The Lighthouse is p good. I seen it, yer fond of me lobster!

Rated PG-34
Jul 1, 2004




I stopped watching the good place after it went from capitalism means no one is morally good to world is too complicated for anyone to be morally good

Rated PG-34
Jul 1, 2004




https://twitter.com/dtantaquidgeon/status/1191948345230708736?s=21

Rated PG-34
Jul 1, 2004




Watching the Che two-parter for Bolivian coup day. Surprisingly good stuff

Rated PG-34
Jul 1, 2004




i didnt watch the entirety of man in the high castle bc its boring and it bores me, but from the moments i saw while my wife was watching it, season 4 moves in a good direction insofar that theres a black communist revolution, but it's also erratic in various other ways making me believe there were issues behind the scenes. e.g. the japanese trade minister is assassinated at the beginning and you only see his bloodied glasses. the real reason he was killed was probably bc they couldnt get the actor for this season and then they had to write in a bunch of crap to fill the scenes he was supposed to bumble through.

Rated PG-34
Jul 1, 2004




the cats movie was bad. stop projecting bourgeois values on to innocent cats.

Rated PG-34
Jul 1, 2004




cats is about anthropomorphic monstrosities vying for favor from a matriarchal figure to get into cat heaven. its boring and bad imo

Rated PG-34
Jul 1, 2004




Uncut Gems is a bit moralizing but otherwise enjoyable thriller about the dangers of commodity fetishism

Rated PG-34
Jul 1, 2004




Bert Roberge posted:

Uncut Gems spends the entire time making you hate Adam Sandler, so you don't really mind when he gets shot in the head at the end.

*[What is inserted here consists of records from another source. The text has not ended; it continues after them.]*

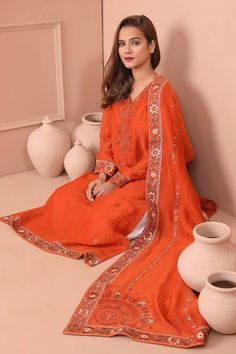 Orange kurta with thread embroidered floral jaal motifs and tukri work. Comes with palazzo and dupatta. - Aza Fashions Dabka Detailed Dola Silk Lawn Suit, Traditional Orange Designer Lawn Suit, Festive Orange Kurta With Floral Embroidery, Traditional Orange Lawn Suit For Designer Wear, Embroidered Orange Lawn Suit For Wedding, Eid Dola Silk Lawn Suit, Traditional Orange Palazzo Set With Dabka Work, Traditional Chinon Palazzo Set With Floral Embroidery, Eid Orange Kurta With Floral Embroidery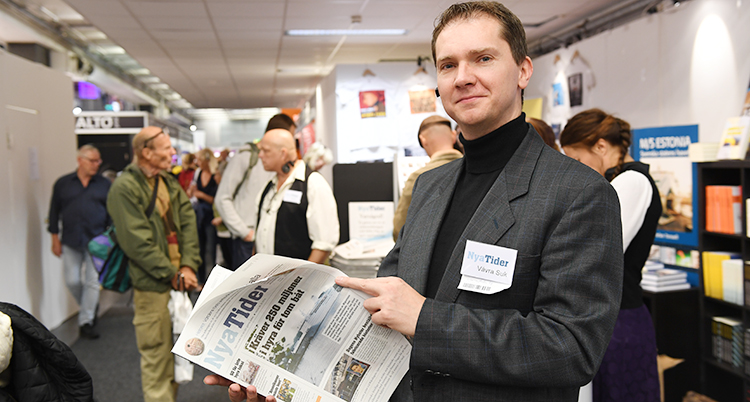 Han står på Bokmässan och håller i ett nummer av tidningen Nya Tider.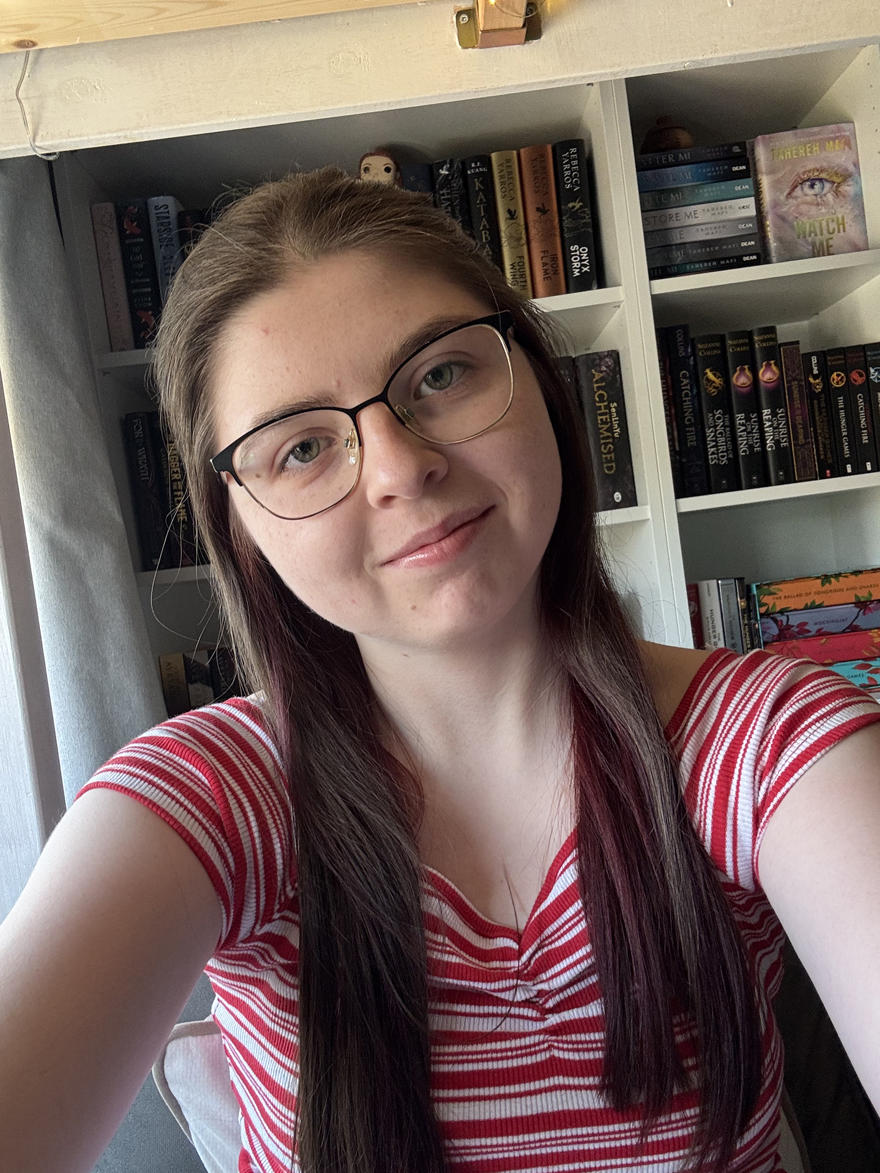 A student with glasses poses for a selfie in a stripey top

movie would’ve been revolutionary (by Hollywood standards) had Adam Sandler not been shot in the head imo

Rated PG-34
Jul 1, 2004




just watched ip man 4 in theatres. this movie has ip man squaring off against white supremacist marines defending the honor of Japanese karate, which is a bit odd. nevertheless, a fun martial arts movie, and last of a dying genre.

Rated PG-34
Jul 1, 2004





Instead of simply condemning the morals of the rich, Parasite lambasts the class system under which we are all trapped and tormented, bourgeois and proletarian alike. I think this gives the movie a wider appeal, as people may identify on either side of the class divide.

Rated PG-34
Jul 1, 2004




just as the worst slave owners were the good slave owners, likewise for capitalists

Rated PG-34
Jul 1, 2004




I watched the climate change anime, Weathering for You. It’s typical anime melodrama fare with all the usual tropes. Ideologically however, it’s a v bad movie. Personal sacrifice is condemned and collective action is eschewed in favor of primitivist reaction towards climate change.

Rated PG-34
Jul 1, 2004




little women was a typical melodramatic aspirational white lady movie. basically catnip for the jane austen demographic. it was ok aside from some poverty porn that offends my delicate sensibilities

Rated PG-34
Jul 1, 2004




I watched The Gentlemen, which is I assume the yin to the Little Women yang, and it was a good fairytale about the drug industry (CIA/MI6 mysteriously absent, though mossad makes a brief appearance)

Rated PG-34
Jul 1, 2004




birds of prey is boring lamestream woke fem garbage and all the characters were one note

Rated PG-34
Jul 1, 2004




Freaking Crumbum posted:

i really thought parasite was going to turn into like a situational comedy where the imposter family has to keep coming up with more and more outlandish lies to keep the ruse going, so seeing the turn happen in the second surprised me.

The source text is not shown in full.